### TASK
Output the entries below word for word, stopping once the line containing "Rodízios de gel" is done, and omit each picture.

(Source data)

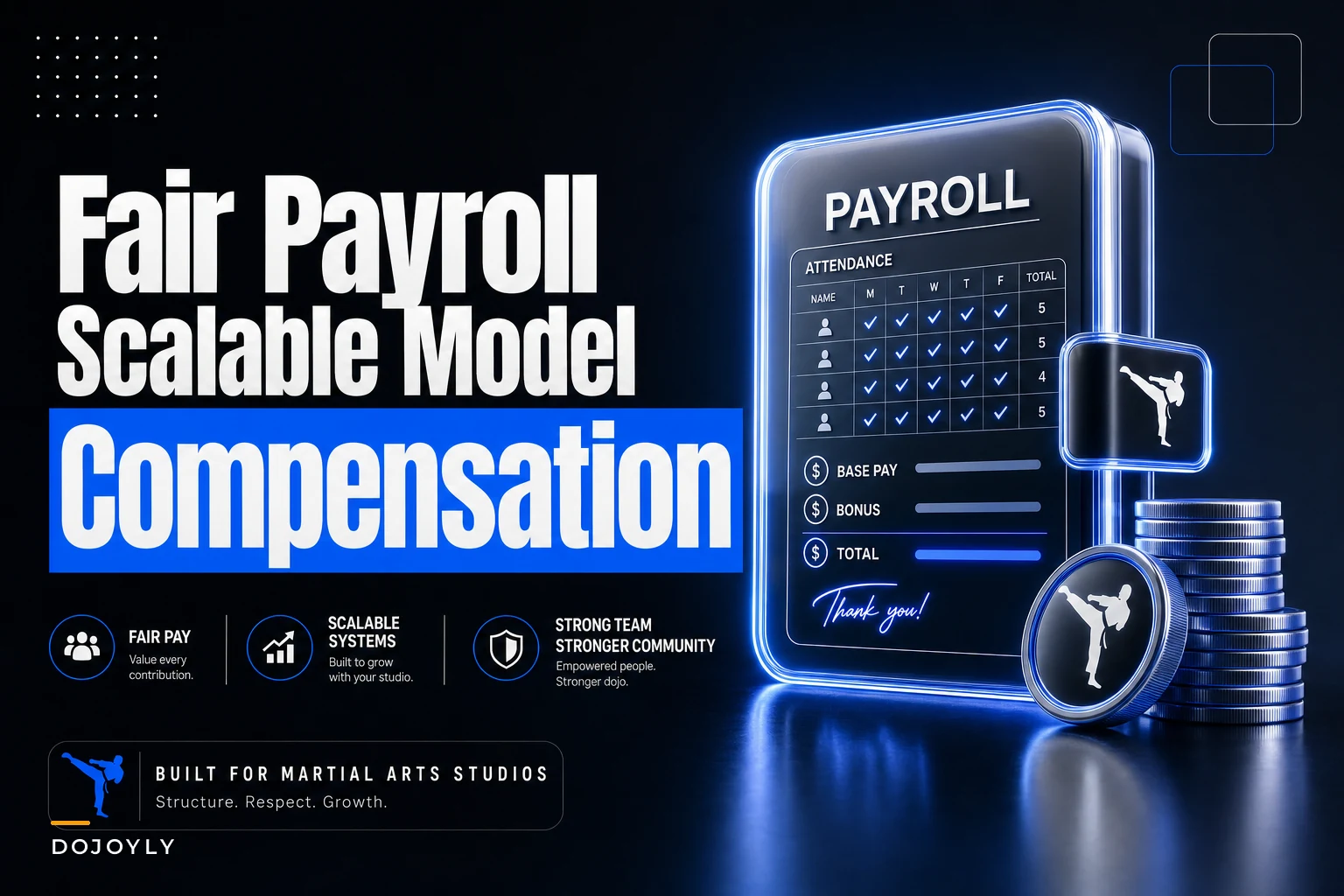 A fair, scalable instructor payroll model: hourly, per‑class, commission and KPI‑linked bonus templates for martial‑arts studios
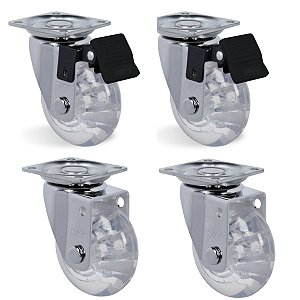 Rodízios de gel para móveis e máquinas placa giratória 4 peças de 50mm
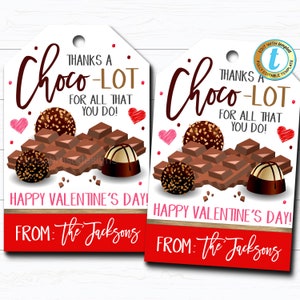 Valentine Chocolate Candy Gift Tags, Thanks a Choco-Lot, Staff Employee Teacher Appreciation Favor Tag, School Pto Pta DIY Editable Template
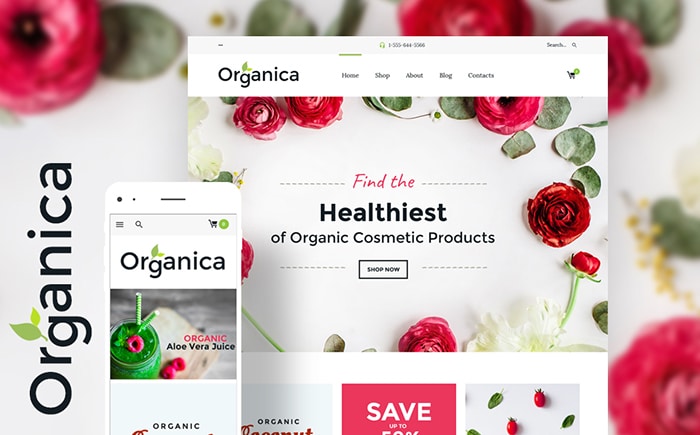  organic food, cosmetics and bio active nutrition Woocommerce theme 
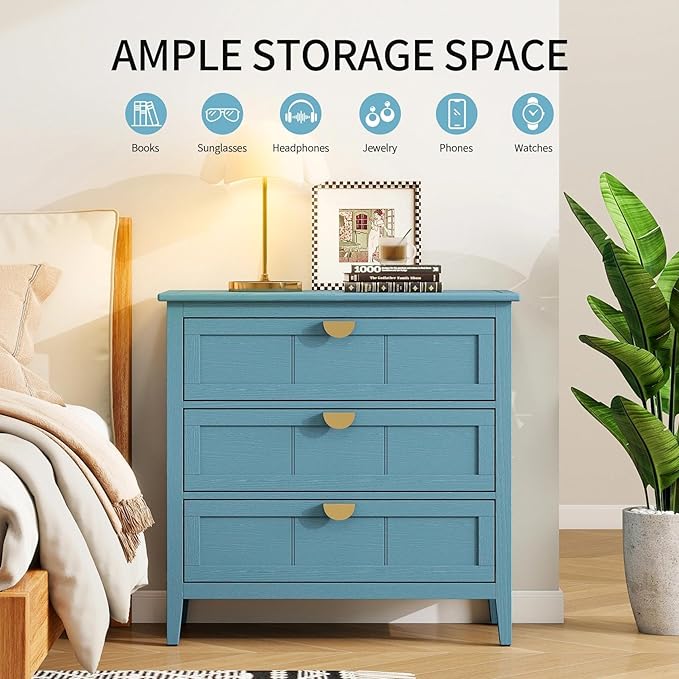 31.5" Blue Accent Storage Cabinet, Modern 3-Drawer Decorative Sideboard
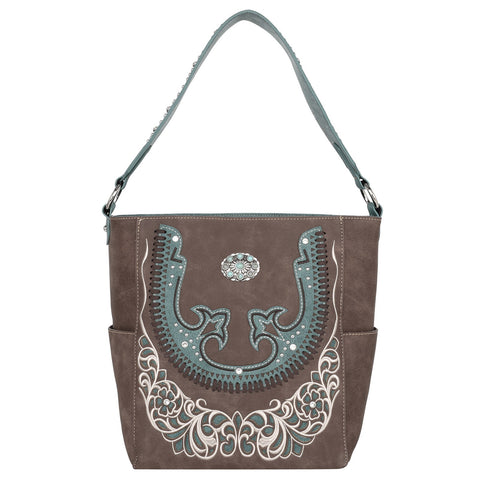 Montana West Cut-Out Turquoise Stone Concho Hobo Bag - Montana West World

### WRITTEN REPLY
 A fair, scalable instructor payroll model: hourly, per‑class, commission and KPI‑linked bonus templates for martial‑arts studios
 Rodízios de gel para móveis e máquinas placa giratória 4 peças de 50mm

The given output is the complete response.